What you have to do
Using the data that follows, output only the lines from the line with "Grosir Tas Spunbond Malang" up to and including the line with "Thin underwear, lace", exactly, leaving pictures aside.

Input
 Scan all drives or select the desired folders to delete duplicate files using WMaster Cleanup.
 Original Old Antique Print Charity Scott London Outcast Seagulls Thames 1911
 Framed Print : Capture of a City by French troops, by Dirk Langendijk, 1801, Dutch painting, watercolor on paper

---

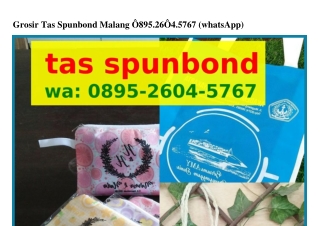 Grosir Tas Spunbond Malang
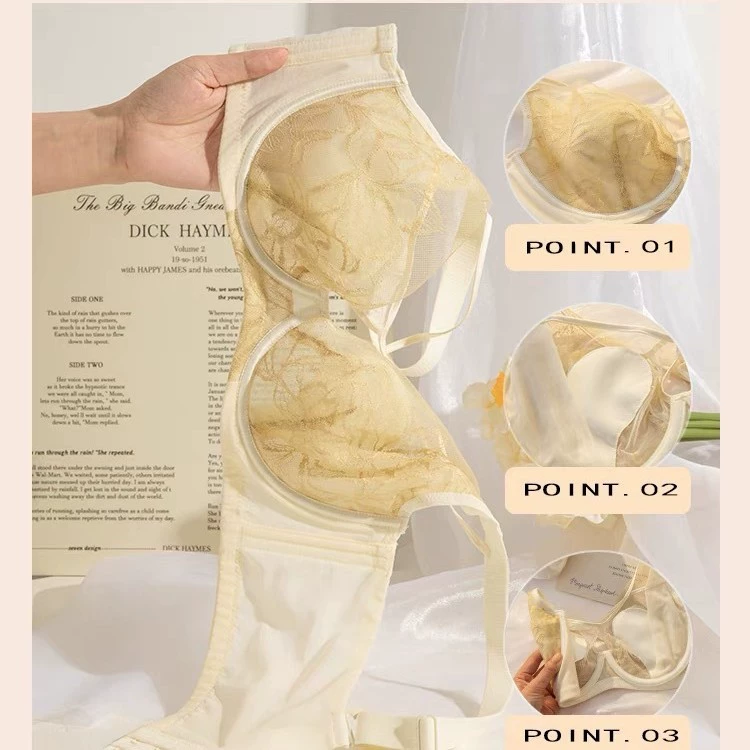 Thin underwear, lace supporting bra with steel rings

==

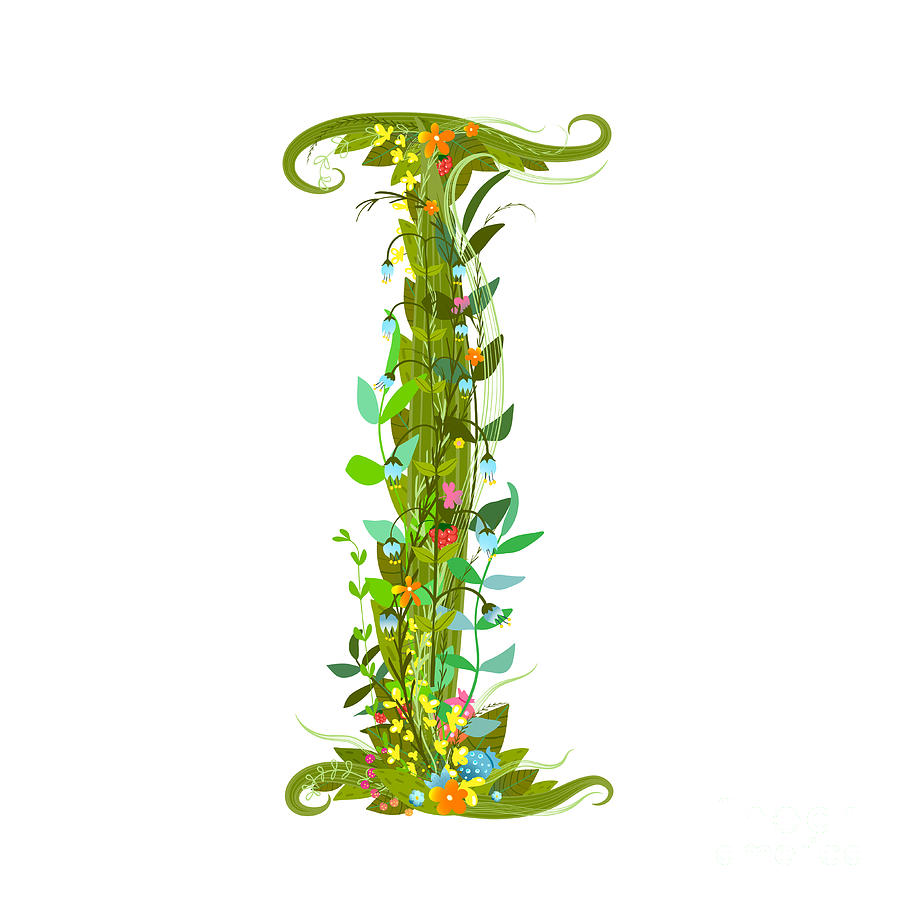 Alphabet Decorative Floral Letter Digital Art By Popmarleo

Your response
 Grosir Tas Spunbond Malang
 Thin underwear, lace supporting bra with steel rings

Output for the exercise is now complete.